Ce vendredi 27 février, Amazon Prime Video dévoile Man on The Run, un documentaire événement consacré à la naissance, à l’ascension et à la consécration des Wings. Plus qu’un simple film musical, le long-métrage s’impose comme une plongée intime dans l’une des périodes les plus fascinantes de la carrière de Paul McCartney : celle de sa renaissance artistique après la fin des The Beatles.
À travers des images inédites, des témoignages familiaux et des interventions de figures majeures comme Mick Jagger, John Lennon ou Sean Ono Lennon, Man on The Run redessine l’histoire d’un pari fou devenu triomphe.
1970 : La chute d’un empire
Quand les Beatles se séparent officiellement en 1970, le monde du rock est sous le choc. McCartney, longtemps perçu comme le mélodiste lumineux du groupe, se retrouve soudainement isolé. Les tensions internes, les différends artistiques et la pression médiatique ont eu raison du quatuor de Liverpool.
Le documentaire insiste sur cet état de fragilité : un Paul déprimé, retiré en Écosse avec sa femme Linda, tentant de retrouver un sens à sa vie. Loin des stades et de la Beatlemania, il compose dans l’intimité, presque en autarcie.
Mais McCartney n’est pas du genre à rester immobile.

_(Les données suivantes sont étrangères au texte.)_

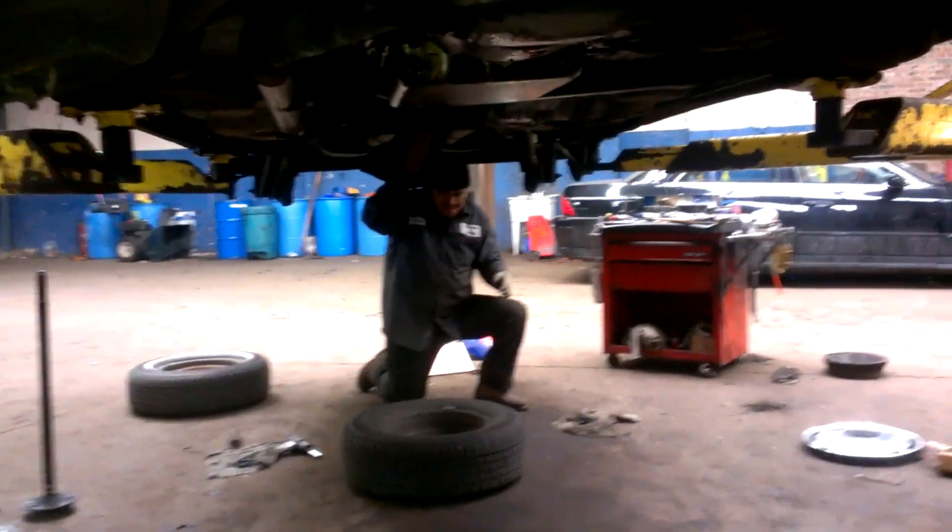That's the mechanic getting ready to put a new gasket on the differential cover, put everything back together, add new fresh fluid. But like I said, I'm going to change all this stuff under here — this stuff is stock. Everything stock: stock ball joints, stock springs.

La naissance des Wings : un pari risqué
En 1971, contre toute attente, il fonde Wings avec Linda McCartney et le guitariste Denny Laine. Le monde musical ricane. Former un nouveau groupe après avoir appartenu aux Beatles ? Mission suicide.

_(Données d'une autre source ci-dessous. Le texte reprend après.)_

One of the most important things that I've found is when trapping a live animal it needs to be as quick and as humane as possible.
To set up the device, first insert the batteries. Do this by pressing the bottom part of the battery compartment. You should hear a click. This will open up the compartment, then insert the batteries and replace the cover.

Man on The Run montre à quel point ce choix était audacieux. Plutôt que de capitaliser uniquement sur son nom, McCartney décide de repartir de zéro : tournées universitaires improvisées, concerts surprises, cachets modestes. Il veut redevenir un musicien parmi les musiciens.
Cette stratégie, presque humble, déconcerte l’industrie. Mais elle pose les bases d’une nouvelle aventure.
Band on the Run : l’album de la consécration
En 1973, les Wings frappent fort avec Band on the Run. Enregistré dans des conditions chaotiques au Nigeria, l’album devient un succès mondial. Le titre éponyme s’impose comme un hymne générationnel.
Le documentaire met en lumière cette période électrique : tensions internes, départs de membres, mais aussi explosion créative. McCartney prouve qu’il n’est pas seulement “l’ex-Beatle” — il est un leader capable de réinventer son propre mythe.
Les interventions croisées de Mick Jagger et Sean Ono Lennon soulignent d’ailleurs ce tournant : les Wings ne sont pas une parenthèse, mais un chapitre majeur de l’histoire du rock des années 70.
Une machine à tubes et à tournées
Avec des albums comme Venus and Mars ou Wings at the Speed of Sound, les Wings enchaînent les succès. Les tournées deviennent gigantesques, notamment le mythique “Wings Over the World Tour”.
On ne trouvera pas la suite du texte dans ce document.